EXERCISE DETAILS:
Would you give the listing again exactly, without its images?

AVAILABLE DATA:
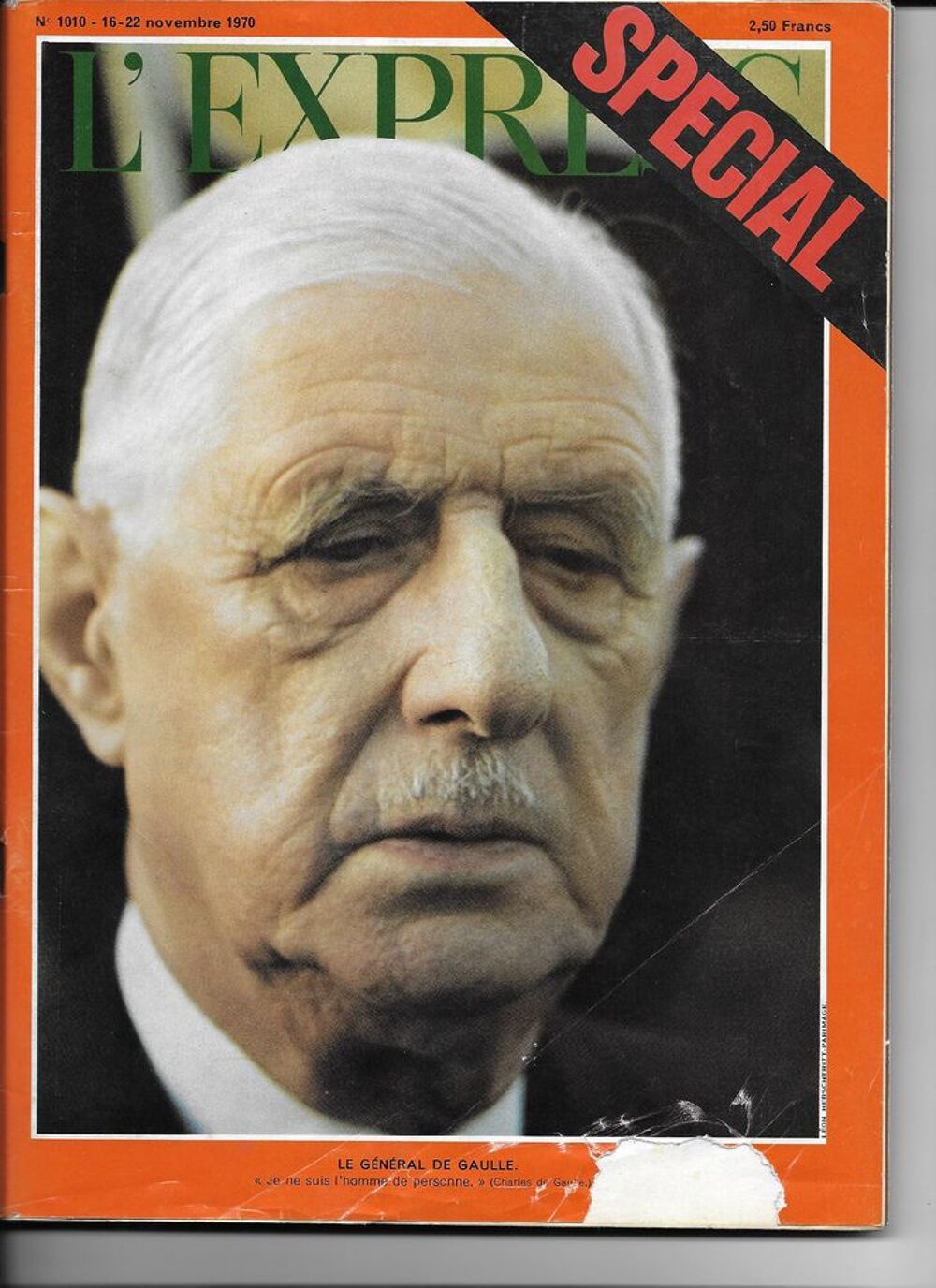 DE GAULLE Livres et BD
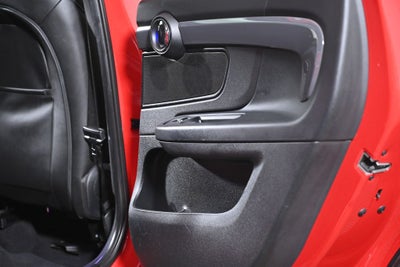 2019 MINI Cooper S Countryman Cooper S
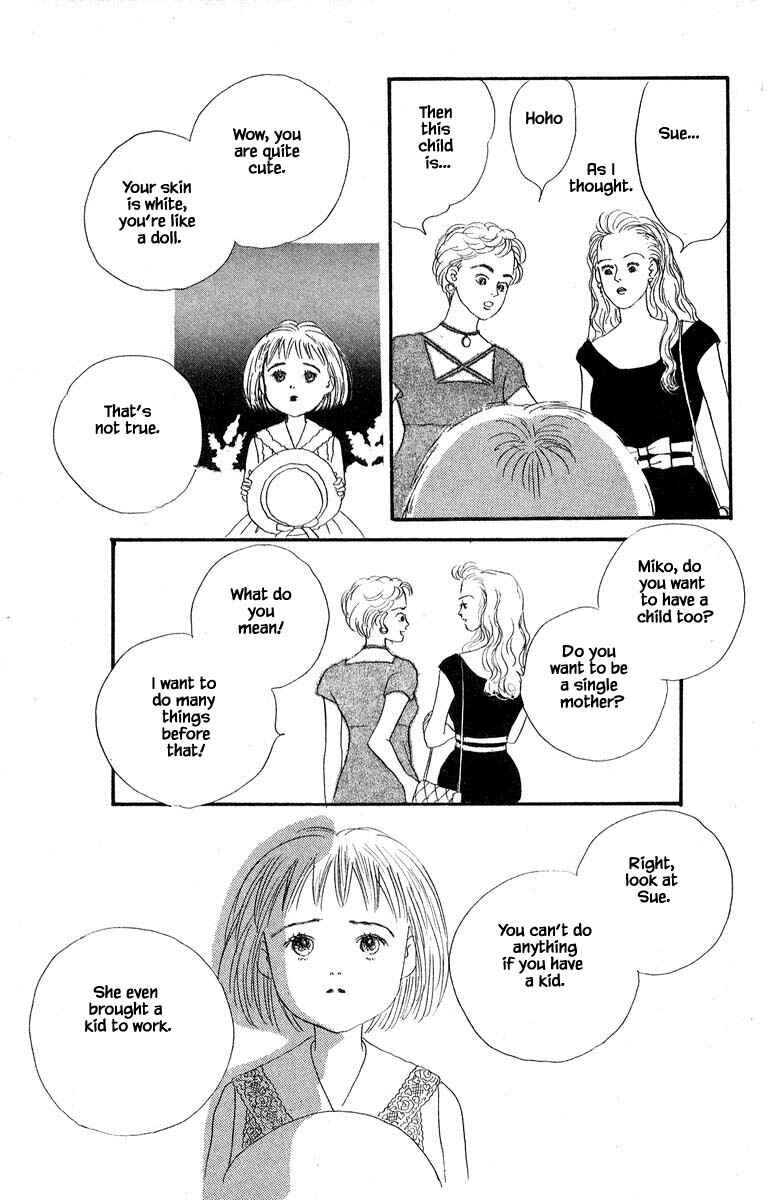 Page 26 Chapter 4.1 The Worlds Most Tender Music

OUTPUT FOR THIS TASK:
 DE GAULLE Livres et BD
 2019 MINI Cooper S Countryman Cooper S
 Page 26 Chapter 4.1 The Worlds Most Tender Music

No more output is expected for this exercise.